-- Your assignment --
Leave out the pictures and output exactly the lines below from the one with "Mosque, www.eitile.com Revitalizing" down to the one with "Кривбасс и Колос разошлись мирно", both of them included.

-- Data to process --
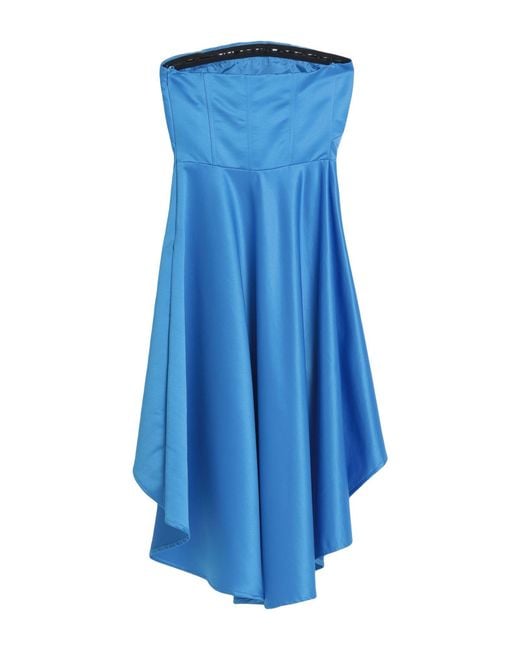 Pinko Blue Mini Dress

==

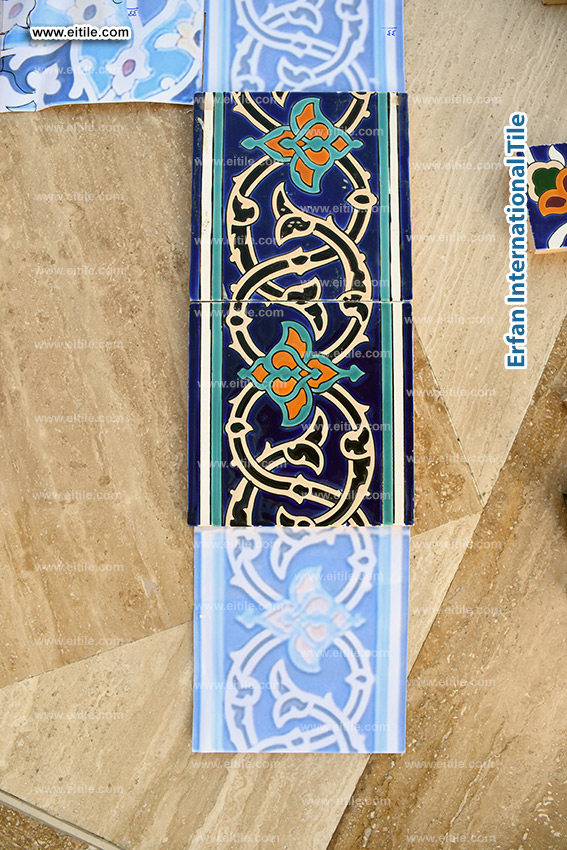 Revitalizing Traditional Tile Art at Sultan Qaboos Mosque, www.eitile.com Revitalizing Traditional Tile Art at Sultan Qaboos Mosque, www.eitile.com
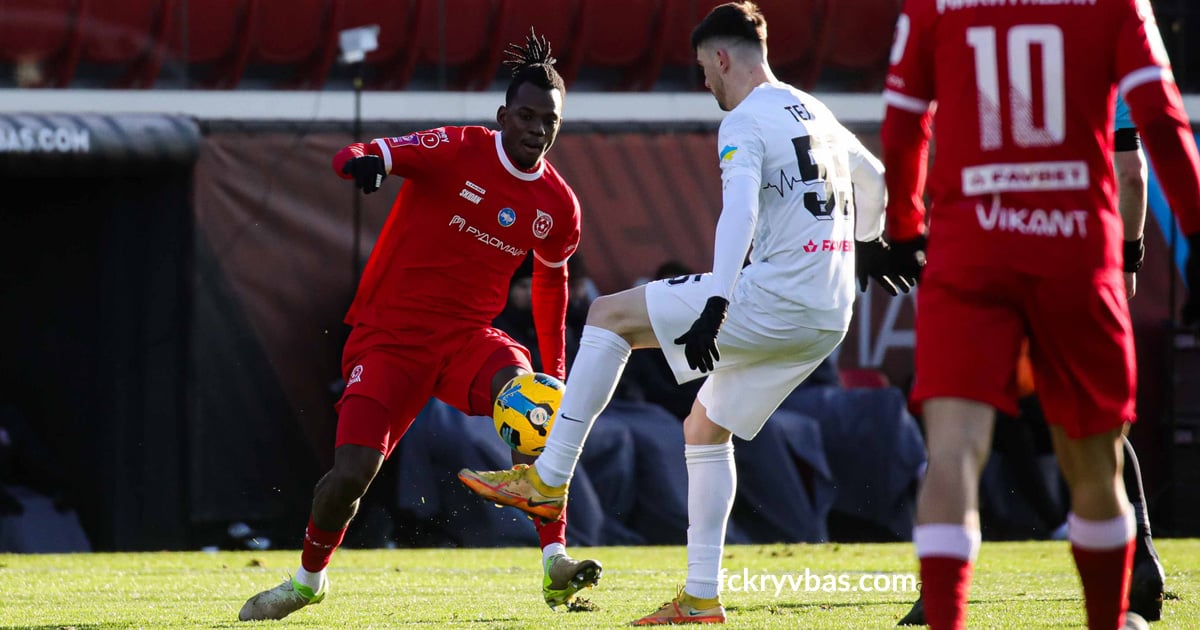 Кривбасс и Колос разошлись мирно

...

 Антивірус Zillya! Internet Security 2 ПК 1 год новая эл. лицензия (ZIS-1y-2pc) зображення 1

-- Answer to the problem --
 Revitalizing Traditional Tile Art at Sultan Qaboos Mosque, www.eitile.com Revitalizing Traditional Tile Art at Sultan Qaboos Mosque, www.eitile.com
 Кривбасс и Колос разошлись мирно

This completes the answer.